[Web page caption snippets]
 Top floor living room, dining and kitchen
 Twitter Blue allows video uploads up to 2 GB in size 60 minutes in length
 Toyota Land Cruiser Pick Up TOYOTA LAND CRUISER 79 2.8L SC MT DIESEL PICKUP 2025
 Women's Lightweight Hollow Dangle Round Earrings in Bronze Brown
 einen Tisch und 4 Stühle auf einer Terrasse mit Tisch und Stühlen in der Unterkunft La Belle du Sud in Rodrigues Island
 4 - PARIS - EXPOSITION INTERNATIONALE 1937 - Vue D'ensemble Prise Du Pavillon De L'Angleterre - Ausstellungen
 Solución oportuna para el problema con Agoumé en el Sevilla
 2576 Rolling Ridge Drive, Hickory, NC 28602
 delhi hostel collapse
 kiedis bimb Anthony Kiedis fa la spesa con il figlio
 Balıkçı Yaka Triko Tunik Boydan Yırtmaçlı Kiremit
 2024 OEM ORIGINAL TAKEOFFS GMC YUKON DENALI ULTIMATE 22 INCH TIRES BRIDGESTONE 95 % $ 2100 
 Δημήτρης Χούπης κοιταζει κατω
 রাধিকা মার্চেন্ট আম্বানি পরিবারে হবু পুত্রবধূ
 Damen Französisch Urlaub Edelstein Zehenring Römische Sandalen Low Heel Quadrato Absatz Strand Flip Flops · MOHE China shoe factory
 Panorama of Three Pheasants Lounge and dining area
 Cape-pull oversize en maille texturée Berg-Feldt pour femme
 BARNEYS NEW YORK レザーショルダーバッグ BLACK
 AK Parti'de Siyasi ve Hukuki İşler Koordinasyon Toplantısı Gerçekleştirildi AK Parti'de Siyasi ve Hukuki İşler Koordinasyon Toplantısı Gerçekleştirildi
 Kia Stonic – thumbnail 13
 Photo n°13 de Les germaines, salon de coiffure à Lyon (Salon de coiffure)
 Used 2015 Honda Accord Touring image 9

» **WHAT TO DO**: Print the lines above, unchanged, from the start of the records to the line with "einen Tisch und", including that final line.

» **EXERCISE RESULT**:
 Top floor living room, dining and kitchen
 Twitter Blue allows video uploads up to 2 GB in size 60 minutes in length
 Toyota Land Cruiser Pick Up TOYOTA LAND CRUISER 79 2.8L SC MT DIESEL PICKUP 2025
 Women's Lightweight Hollow Dangle Round Earrings in Bronze Brown
 einen Tisch und 4 Stühle auf einer Terrasse mit Tisch und Stühlen in der Unterkunft La Belle du Sud in Rodrigues Island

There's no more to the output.